Thus, this defense applies when the defendant’s mistaken belief, if accepted as true,
negates the culpable mental state for the crime charged. Granger v. State, 3 S.W.3d
36, 41 (Tex. Crim. App. 1999). The defense “applies only with respect to elements
that require proof of a culpable mental state.” Celis v. State, 416 S.W.3d 419, 430
(Tex. Crim. App. 2013). If the evidence raises the defense, “whether that evidence
is weak or strong, unimpeached or contradicted, and regardless of what the trial court
may or may not think about the credibility of the evidence,” the trial court should
provide the instruction. Granger, 3 S.W.3d at 38. Thus, in this case, mistake of fact
would apply if Guyger mistakenly formed a reasonable belief that negated her intent
to kill Jean.
We differentiate mistake of fact—a defense—from justification. Justification
depends on the circumstances giving rise to the challenged conduct, and the
reasonableness of the defendant’s belief that the conduct is immediately necessary
to avoid imminent harm.
Conduct is justified if: (1) the actor reasonably believes the conduct is
immediately necessary to avoid imminent harm; (2) the desirability and
urgency of avoiding the harm clearly outweigh, according to ordinary
standards of reasonableness, the harm sought to be prevented by the law
10
proscribing the conduct; and (3) a legislative purpose to exclude the
justification claimed for the conduct does not otherwise plainly
appear.”
TEX. PEN. CODE § 9.22. For instance, justification excuses the use of force against
another person “when and to the degree the actor reasonably believes the force is
immediately necessary to protect the actor against the other’s use or attempted use
of unlawful force.” TEX. PEN. CODE § 9.31(a). As such, Guyger would have been
justified in shooting Jean if she had formed a reasonable belief that doing so was
necessary to avoid imminent harm, as we discuss below.
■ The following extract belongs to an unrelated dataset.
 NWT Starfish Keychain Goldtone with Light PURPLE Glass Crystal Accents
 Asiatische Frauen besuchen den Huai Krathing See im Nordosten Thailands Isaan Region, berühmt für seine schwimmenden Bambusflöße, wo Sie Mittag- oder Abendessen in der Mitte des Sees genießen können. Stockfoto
As the State points out, a case from our sister court, Maupin v. State, provides
insight into the proper analysis in this case. See Maupin v. State, 930 S.W.2d 267,
268 (Tex. App.—Fort Worth 1996, pet. ref’d). Maupin was convicted of injury to
the elderly following an incident in which he repeatedly threw and pushed a woman
to the ground several times, causing her bodily injury. Id. As with the murder charge
against Guyger, the crime with which Maupin was charged—injury to the elderly—
turned on the intent to cause the result of the crime. Id. (“it is the intent to cause the
result, the bodily injury, that is the gravamen of the offense.”). Maupin asserted that
his mistaken belief that the complainant was burglarizing his home warranted a
mistake of fact instruction refused by the trial court. Id. But the court of appeals
affirmed the trial court, concluding evidence of a potential burglary failed to negate
Maupin’s intent to cause bodily injury, and at best raised the defense of protection
11
of property. Id. No evidence suggested “Maupin was mistaken about whether the
force he used would cause bodily injury.” Id.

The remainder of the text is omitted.